Not to mention when his ex wants me to do her favours in the future!
Cheeky I do sympathise but you post time and time and time again about how your dick of a DP expects you to run around after all his kids (DSD and joint DC), generally takes you for granted and considers his ex's feelings over yours. Why would he ever change when you give him absolutely no incentive to do do? It appears the ex has done nothing wrong in this case, your DH should either have said no to swapping weekends or run it past you earlier so you could swap your own plans, or he should've arranged alternative pick up arrangements for his DD in the same way you did for your DS's.
By all means arrange after school club for DSD for the future but all you're doing is playing resentment whack-a-mole because unless your DP starts changing his attitude yet another problem caused by his actions will pop up soon enough.

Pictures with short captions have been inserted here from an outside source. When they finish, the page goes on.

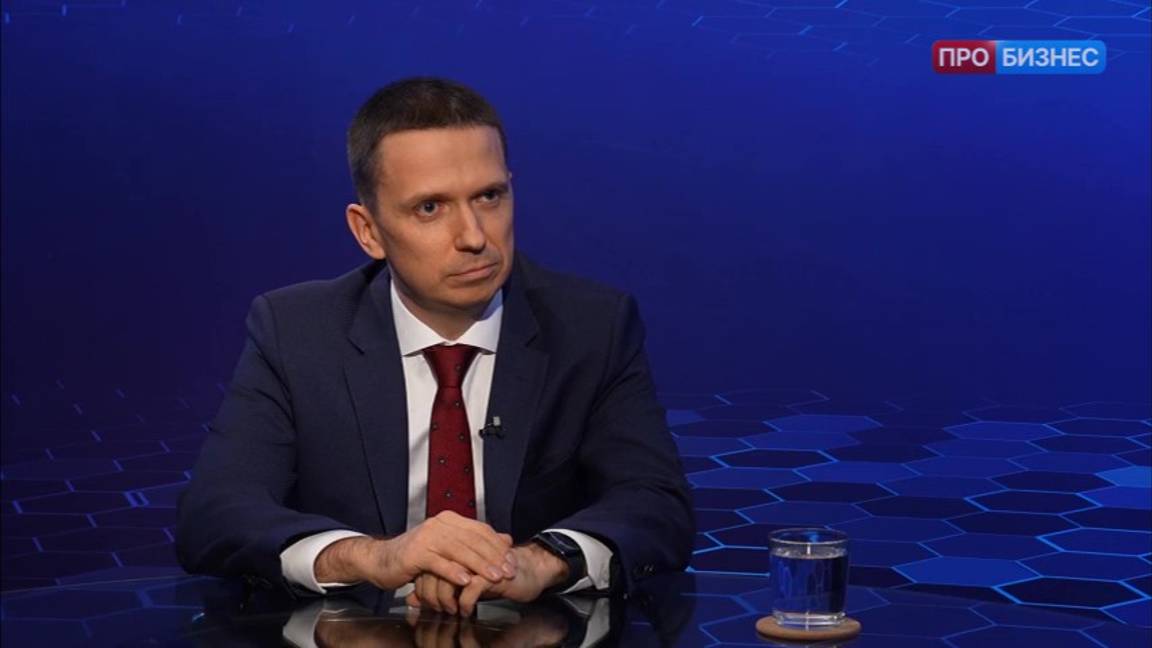 Технологии для бизнеса. Владимир Юзеев, генеральный директор группы компаний Oxtron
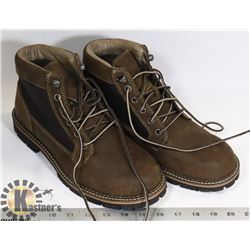 EDDIE BAUER HUNTING BOOT SZ 9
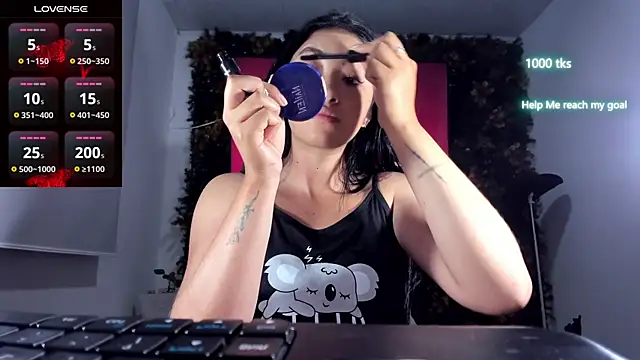 emily palmeer online show from 07-21-26, 10:17
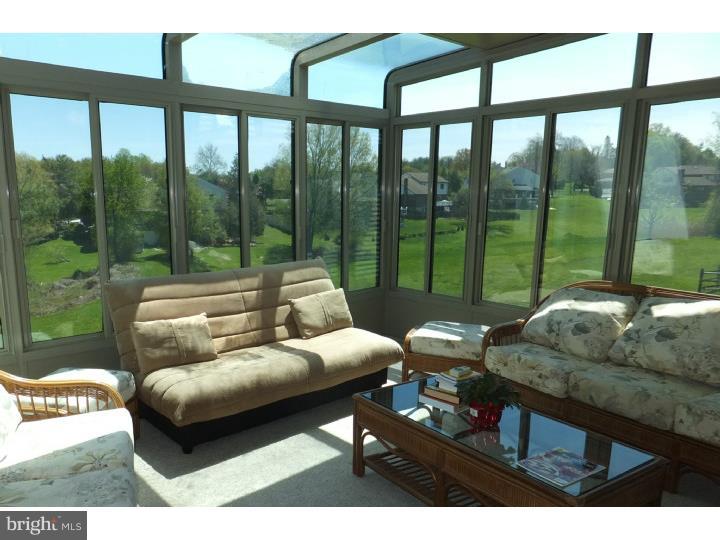 165 Spring Flower Court Huntingdon Valley, PA 19006 - Photo 11 of 24 Sun Room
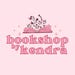 Bookshopbykendra store logo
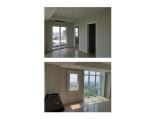 Dijual / Disewakan Apartemen Metro Park Residences Kedoya Selatan Jakarta Barat Tower Milan 2 BR Hook Luas 58 m2 UnFurnished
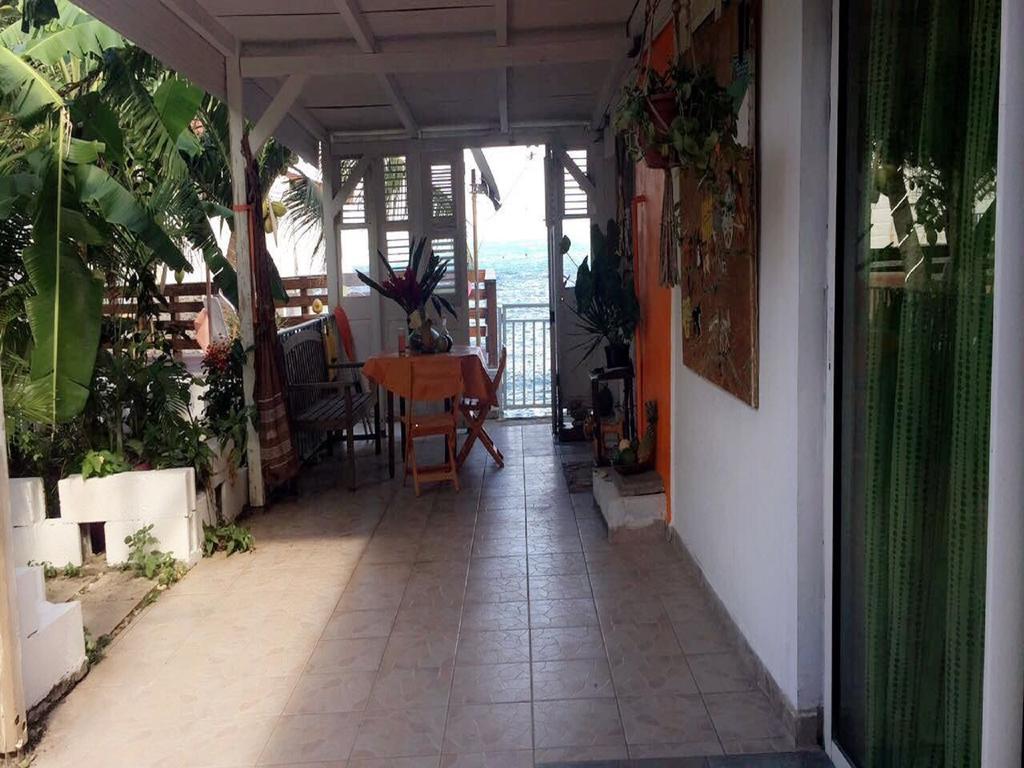 Sunrise Villa Le Moule Dış mekan fotoğraf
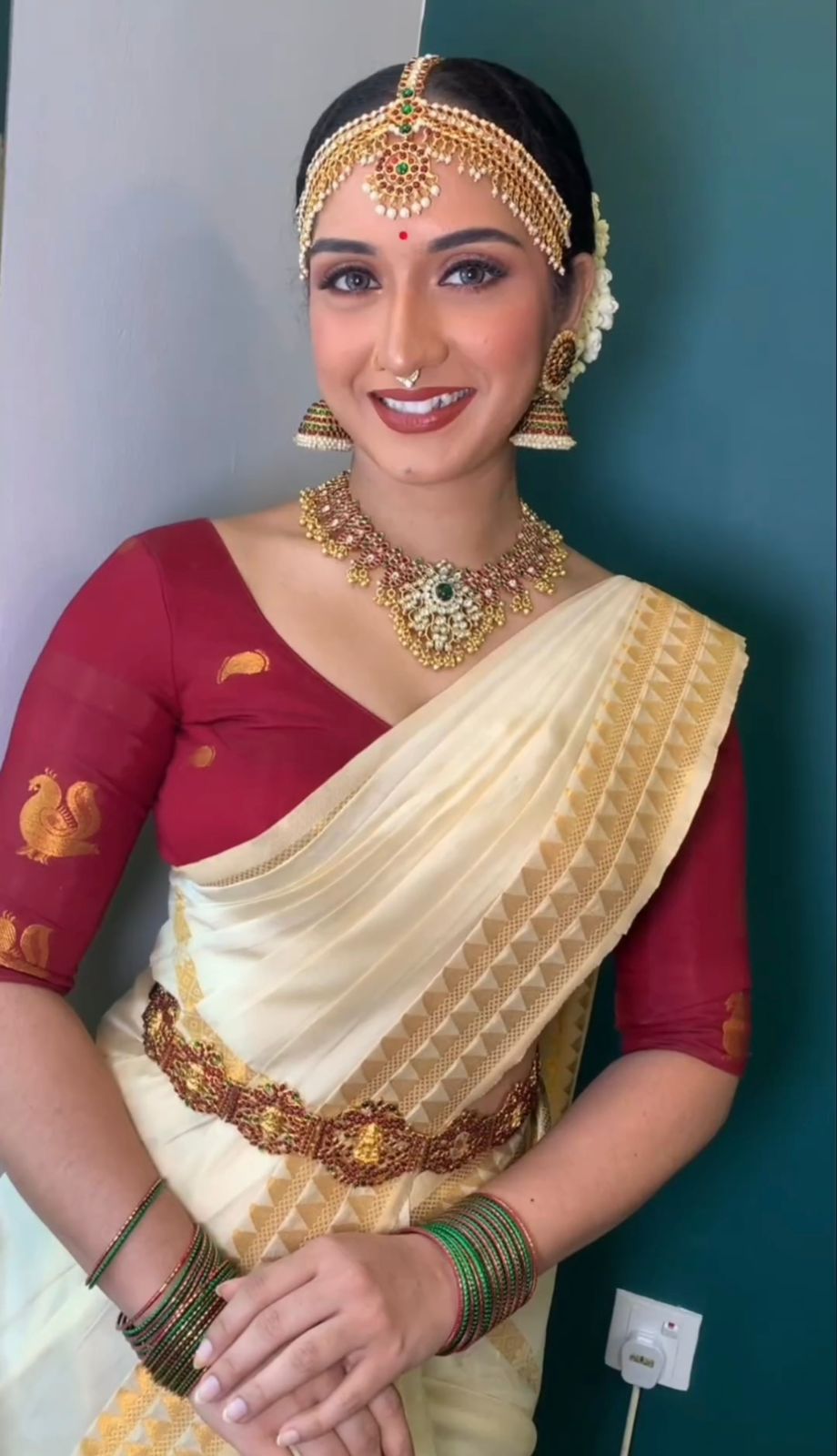 Gratifying Off White Soft Silk Saree With Phenomenal Blouse Piece - Shop authentic Indian Women's Fashion by Silk Folks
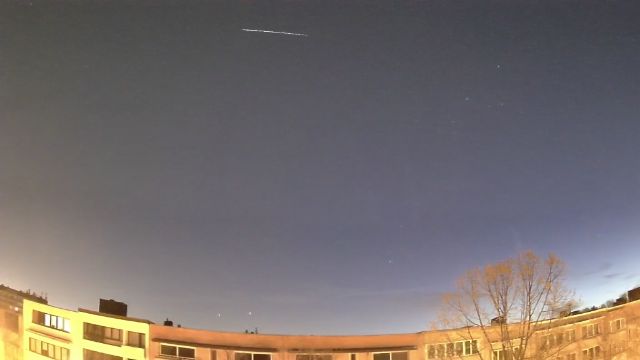 AMS67 meteor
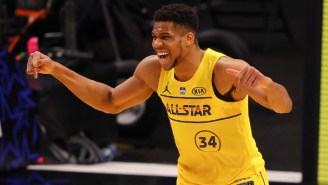 Team LeBron Ran Away To Win The 2021 All-Star Game Behind Giannis’ Perfect Shooting Night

When are you going to realise that there are men out there who do actually love, respect and support their partner? Don't get me wrong I find having DSCs enormously difficult but if I had to come onto MN to vent as frequently as you need to I'd start directing some of that frustration at the person who actually deserves it.
Had your dad already arranged to take the boys before your DP swapped weekends? If so, he should have asked you before agreeing to the swap and you should have said no you couldn't pick DSD up easily and you'd have had a say in the decision to swap weekends. He really shouldn't be agreeing swaps without checking with you.
On the other hand, if you've arranged the plan with your dad after knowing it was your DP's weekend and you'd need to collect DSD too, then I think you're DP is likely to suspect you're just looking for excuses not to pick up DSD.
Cheeky I think you need to change your mindset and accept this little girl as a part of your family. You post about her as though she is just an inconvenience to you and it is very sad to see.
Sorry - your DSD now goes to the same school as your DCs - if previous posts are recalled correctly.
You now want to put your DSD in after school club on the days she is with your and your DP, so he can pick her up rather than you pick up all the DCs from the same school . Your pettiness and resentment of this girl being in your life is overwhelming. She is not going away.
What part of family do you not understand - she is with you 50% of the time, it is inevitable you will end up doing things for her - she is part of your family.
Whilst I sometimes feel sorry for you when you post - your obvious displeasure in the mere existence of this girl comes through every post you make.
God forbid I should want a bit of me time eh?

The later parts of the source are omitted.